**Supplied information**:
*-*-*

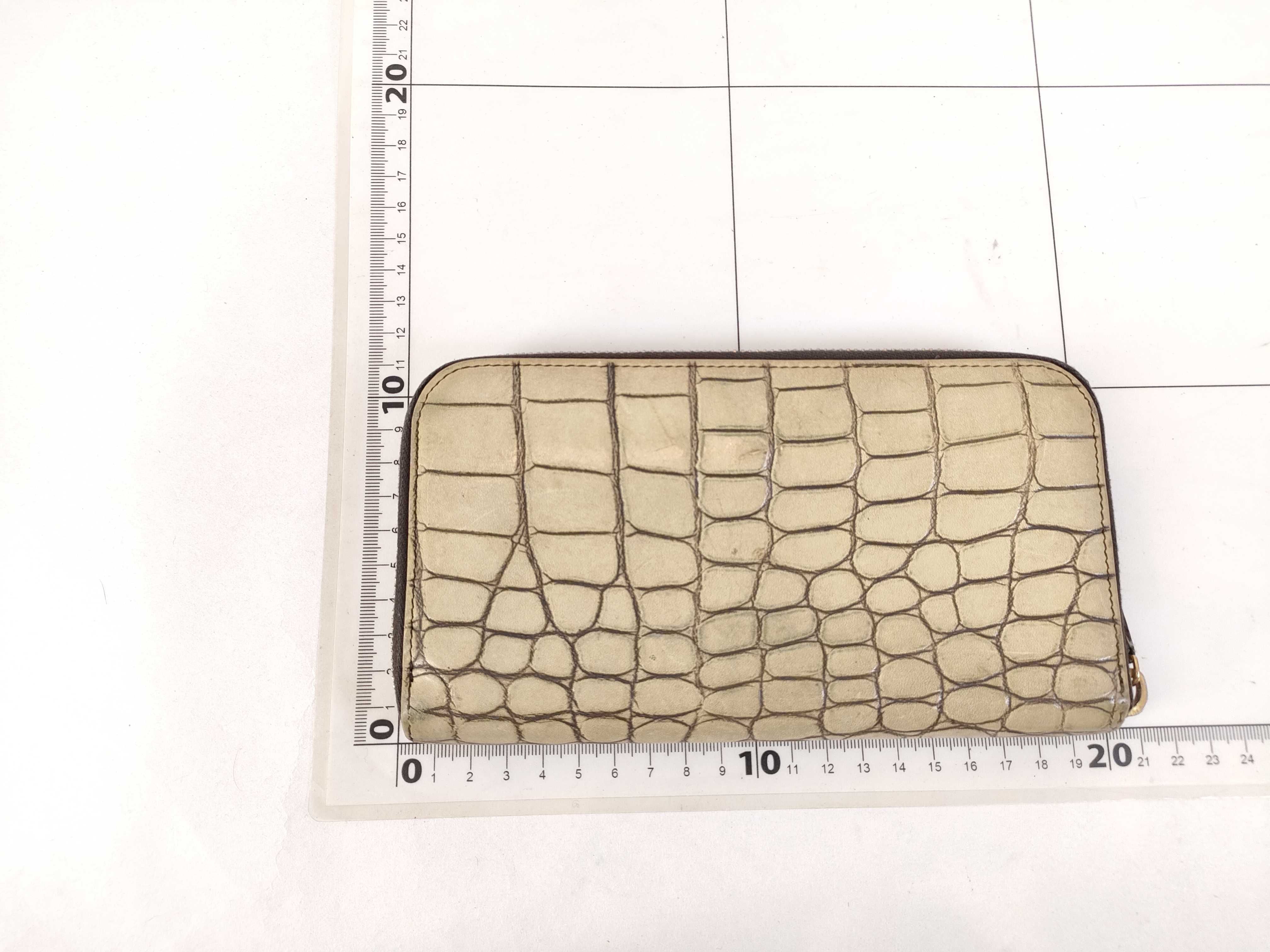 leather embossed round zipper wallet — view 2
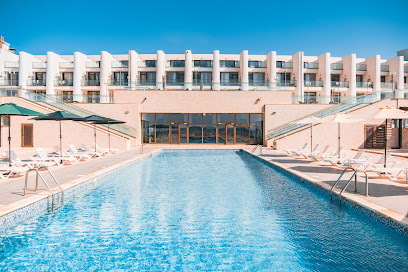 فندق الرمال الذهبية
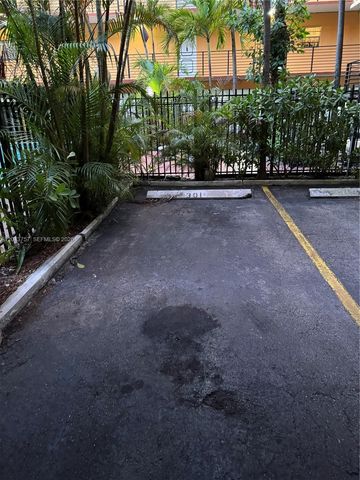 365 NE 125th St 301, North Miami, FL 33161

*-*-*

**Work order**: Your answer must be an exact copy of the lines from the line with "فندق الرمال الذهبية" to the final line of the data, both ends included, and no pictures.

**Answer box**:
 فندق الرمال الذهبية
 365 NE 125th St 301, North Miami, FL 33161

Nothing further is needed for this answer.